Keterbatasan fisik, seperti yang dialami oleh orang sakit dan kalangan disabilitas, tidak menghalangi mereka untuk beribadah. Jalan menuju Allah (SWT) terbuka untuk semua orang, tanpa memandang latar belakang sosial atau kondisi fisik. Kasih sayang Allah (SWT) tetap ada, bahkan dalam ujian dan cobaan yang dihadapi oleh hamba-Nya, sebagaimana yang dinyatakan dalam Al-Hikam.

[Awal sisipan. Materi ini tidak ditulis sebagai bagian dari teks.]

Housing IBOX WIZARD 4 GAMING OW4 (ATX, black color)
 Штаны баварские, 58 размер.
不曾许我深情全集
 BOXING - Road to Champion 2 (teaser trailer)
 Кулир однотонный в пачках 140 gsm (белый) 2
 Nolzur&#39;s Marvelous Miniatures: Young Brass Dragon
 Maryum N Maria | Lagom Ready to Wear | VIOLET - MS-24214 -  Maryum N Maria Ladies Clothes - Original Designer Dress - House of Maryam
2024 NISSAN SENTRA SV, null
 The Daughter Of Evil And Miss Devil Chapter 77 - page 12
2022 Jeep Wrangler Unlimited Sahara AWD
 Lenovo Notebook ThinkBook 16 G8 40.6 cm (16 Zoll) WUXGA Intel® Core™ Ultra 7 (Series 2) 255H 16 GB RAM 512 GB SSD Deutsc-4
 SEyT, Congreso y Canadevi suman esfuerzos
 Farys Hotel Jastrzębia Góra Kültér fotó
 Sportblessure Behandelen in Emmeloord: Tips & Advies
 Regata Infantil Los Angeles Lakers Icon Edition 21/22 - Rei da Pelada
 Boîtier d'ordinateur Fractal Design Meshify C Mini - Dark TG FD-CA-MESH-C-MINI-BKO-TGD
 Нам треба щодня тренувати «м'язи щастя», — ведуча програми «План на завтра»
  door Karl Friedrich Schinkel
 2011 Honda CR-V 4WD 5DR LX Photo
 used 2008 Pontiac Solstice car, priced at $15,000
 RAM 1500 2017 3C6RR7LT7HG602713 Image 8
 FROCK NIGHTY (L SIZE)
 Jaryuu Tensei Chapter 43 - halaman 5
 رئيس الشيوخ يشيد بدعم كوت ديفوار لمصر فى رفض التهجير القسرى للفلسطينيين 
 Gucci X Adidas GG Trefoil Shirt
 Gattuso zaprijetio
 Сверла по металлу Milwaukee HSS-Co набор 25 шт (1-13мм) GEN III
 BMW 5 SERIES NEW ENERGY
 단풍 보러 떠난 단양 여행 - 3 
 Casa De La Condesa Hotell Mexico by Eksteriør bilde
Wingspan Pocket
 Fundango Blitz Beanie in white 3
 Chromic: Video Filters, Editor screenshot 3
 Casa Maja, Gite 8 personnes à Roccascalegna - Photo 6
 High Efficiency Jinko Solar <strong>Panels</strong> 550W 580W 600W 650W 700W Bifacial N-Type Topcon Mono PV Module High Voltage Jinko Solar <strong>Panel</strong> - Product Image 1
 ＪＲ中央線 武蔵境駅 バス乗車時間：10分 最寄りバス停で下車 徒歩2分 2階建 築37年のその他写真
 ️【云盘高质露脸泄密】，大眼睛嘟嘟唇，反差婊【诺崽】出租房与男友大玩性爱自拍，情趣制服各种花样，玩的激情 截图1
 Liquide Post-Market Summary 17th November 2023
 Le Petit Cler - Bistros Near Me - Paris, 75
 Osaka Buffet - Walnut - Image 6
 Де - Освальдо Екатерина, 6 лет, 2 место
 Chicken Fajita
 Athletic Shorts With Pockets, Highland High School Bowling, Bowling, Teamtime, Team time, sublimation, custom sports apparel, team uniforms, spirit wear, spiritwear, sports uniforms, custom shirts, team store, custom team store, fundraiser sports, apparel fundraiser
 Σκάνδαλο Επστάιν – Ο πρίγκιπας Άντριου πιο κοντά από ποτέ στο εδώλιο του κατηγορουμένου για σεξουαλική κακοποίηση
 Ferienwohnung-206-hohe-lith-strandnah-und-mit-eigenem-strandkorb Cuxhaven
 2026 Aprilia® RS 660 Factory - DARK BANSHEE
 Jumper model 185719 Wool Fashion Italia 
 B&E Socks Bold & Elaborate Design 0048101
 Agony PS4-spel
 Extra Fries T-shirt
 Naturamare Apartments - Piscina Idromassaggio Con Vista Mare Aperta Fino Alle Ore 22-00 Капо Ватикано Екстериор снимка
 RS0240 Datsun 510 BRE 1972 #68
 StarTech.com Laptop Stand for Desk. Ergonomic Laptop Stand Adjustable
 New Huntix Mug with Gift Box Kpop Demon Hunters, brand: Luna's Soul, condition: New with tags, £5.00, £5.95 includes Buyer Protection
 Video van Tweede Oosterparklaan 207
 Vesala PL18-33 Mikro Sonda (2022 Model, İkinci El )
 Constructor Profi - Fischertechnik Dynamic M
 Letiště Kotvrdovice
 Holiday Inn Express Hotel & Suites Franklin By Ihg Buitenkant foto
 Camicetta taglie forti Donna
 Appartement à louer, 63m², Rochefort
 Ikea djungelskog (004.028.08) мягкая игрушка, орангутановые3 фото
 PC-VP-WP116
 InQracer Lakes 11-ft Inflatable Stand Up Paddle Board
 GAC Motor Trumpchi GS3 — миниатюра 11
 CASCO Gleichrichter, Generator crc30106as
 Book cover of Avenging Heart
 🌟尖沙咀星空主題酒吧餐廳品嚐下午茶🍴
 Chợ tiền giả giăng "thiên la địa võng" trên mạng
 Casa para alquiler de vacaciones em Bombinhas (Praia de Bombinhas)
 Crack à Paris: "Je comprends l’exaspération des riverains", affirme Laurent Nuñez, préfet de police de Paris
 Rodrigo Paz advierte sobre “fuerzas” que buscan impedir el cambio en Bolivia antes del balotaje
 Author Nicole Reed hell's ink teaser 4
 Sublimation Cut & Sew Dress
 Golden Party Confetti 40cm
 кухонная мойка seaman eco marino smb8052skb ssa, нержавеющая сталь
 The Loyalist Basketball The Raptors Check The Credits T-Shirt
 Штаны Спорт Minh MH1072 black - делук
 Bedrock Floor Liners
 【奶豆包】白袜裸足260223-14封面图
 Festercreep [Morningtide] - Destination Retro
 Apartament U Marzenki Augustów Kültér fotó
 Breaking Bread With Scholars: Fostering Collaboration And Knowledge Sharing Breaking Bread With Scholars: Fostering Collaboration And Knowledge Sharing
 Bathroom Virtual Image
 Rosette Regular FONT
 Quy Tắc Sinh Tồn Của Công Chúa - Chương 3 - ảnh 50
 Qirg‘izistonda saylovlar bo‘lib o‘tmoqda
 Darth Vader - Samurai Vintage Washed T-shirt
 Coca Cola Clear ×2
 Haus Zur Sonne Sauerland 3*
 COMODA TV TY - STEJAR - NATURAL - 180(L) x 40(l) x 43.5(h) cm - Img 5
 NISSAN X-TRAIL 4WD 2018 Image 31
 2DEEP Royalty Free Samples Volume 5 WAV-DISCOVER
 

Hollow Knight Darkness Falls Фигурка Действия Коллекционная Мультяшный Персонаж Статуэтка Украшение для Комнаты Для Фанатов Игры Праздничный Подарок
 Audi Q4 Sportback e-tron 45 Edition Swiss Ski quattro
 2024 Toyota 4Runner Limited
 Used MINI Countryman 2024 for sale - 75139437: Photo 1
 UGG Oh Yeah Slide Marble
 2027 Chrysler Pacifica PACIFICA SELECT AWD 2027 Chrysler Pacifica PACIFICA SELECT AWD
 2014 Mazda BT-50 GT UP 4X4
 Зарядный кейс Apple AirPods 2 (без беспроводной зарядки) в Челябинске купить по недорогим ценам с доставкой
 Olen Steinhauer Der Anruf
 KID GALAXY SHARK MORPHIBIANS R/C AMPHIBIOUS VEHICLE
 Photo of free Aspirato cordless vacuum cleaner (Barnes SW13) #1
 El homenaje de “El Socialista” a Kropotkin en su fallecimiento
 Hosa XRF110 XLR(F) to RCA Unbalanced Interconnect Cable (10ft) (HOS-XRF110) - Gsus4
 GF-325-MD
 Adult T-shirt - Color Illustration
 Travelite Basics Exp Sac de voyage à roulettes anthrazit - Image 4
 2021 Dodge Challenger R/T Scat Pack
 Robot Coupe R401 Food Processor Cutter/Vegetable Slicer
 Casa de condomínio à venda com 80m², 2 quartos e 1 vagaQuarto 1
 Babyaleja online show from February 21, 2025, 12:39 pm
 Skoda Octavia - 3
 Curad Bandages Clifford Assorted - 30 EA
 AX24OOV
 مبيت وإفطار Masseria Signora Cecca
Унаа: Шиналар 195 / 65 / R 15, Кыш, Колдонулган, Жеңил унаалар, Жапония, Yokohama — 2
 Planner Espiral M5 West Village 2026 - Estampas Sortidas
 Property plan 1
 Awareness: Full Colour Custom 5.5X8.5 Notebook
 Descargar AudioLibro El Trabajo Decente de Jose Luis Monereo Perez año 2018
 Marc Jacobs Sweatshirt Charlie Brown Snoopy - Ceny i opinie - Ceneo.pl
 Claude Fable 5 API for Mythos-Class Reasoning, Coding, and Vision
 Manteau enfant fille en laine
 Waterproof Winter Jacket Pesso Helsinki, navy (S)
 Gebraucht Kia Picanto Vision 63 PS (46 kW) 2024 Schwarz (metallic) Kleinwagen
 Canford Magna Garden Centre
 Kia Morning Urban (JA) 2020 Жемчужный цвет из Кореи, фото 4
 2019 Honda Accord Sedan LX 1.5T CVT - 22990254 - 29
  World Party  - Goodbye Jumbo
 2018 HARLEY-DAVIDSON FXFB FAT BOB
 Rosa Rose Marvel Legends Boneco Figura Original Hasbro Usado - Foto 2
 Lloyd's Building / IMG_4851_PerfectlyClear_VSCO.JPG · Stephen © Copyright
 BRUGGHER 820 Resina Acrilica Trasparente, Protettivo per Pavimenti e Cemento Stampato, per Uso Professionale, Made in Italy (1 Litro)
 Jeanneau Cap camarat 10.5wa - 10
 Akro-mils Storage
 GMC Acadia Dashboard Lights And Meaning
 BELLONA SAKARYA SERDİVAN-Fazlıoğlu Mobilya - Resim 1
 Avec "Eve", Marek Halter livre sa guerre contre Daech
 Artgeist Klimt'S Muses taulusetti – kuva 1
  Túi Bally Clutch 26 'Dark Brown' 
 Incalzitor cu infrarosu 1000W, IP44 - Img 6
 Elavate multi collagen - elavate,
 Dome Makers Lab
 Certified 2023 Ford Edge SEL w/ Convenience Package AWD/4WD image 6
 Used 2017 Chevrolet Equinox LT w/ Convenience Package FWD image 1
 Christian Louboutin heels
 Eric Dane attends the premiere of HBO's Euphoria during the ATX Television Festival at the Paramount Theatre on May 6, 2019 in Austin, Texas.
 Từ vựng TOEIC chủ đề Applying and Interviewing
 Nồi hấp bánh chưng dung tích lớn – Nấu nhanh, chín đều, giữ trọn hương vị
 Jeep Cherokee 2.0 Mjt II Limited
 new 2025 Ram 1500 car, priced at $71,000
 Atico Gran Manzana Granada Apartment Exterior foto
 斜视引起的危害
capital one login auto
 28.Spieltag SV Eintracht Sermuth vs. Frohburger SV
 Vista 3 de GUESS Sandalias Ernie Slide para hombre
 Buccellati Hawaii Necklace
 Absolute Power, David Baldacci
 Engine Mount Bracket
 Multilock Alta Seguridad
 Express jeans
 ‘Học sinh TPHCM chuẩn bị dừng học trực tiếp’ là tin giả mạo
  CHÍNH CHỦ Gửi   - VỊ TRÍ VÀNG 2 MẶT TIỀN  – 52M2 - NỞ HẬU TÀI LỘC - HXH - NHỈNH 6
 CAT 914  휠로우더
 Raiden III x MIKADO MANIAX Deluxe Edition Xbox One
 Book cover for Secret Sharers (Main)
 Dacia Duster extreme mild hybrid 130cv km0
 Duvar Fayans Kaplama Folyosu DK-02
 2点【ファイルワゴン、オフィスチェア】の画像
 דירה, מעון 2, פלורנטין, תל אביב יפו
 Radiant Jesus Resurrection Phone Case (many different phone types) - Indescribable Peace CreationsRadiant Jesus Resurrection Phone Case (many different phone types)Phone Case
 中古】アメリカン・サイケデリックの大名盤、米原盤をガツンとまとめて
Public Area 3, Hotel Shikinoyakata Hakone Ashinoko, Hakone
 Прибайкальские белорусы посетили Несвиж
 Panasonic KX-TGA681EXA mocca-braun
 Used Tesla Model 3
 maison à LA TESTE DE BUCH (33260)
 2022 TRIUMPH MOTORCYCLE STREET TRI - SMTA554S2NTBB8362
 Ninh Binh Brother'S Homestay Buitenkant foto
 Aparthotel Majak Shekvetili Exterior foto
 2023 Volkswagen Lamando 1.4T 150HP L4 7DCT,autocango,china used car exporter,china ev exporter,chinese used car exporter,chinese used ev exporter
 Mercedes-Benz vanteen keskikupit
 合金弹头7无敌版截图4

Sebuah pernyataan dalam Al-Hikam menyebutkan, “Siapa saja yang mengira kelembutan kasih Allah terpisah dari takdir-Nya, maka itu terjadi karena keterbatasan pandangannya.” Hal ini menunjukkan bahwa kasih sayang Allah (SWT) tidak menjauh dari takdir, meskipun seseorang mengalami disabilitas atau cobaan hidup lainnya. Dalam hadits kudsi, Allah (SWT) menyatakan bahwa cobaan hidup adalah cara bagi hamba-Nya untuk mendekat kepada-Nya.
Mereka yang mengalami sakit atau disabilitas mungkin memiliki keterbatasan dalam melakukan aktivitas ibadah secara fisik. Namun, mereka tetap memiliki kesempatan untuk beribadah secara batin, yang memiliki nilai lebih tinggi dibandingkan ibadah lahiriah. Dalam konteks ini, amal batin seperti sabar, ridha, zuhud, tawakal, dan rasa senang berjumpa dengan Allah (SWT) menjadi sangat penting.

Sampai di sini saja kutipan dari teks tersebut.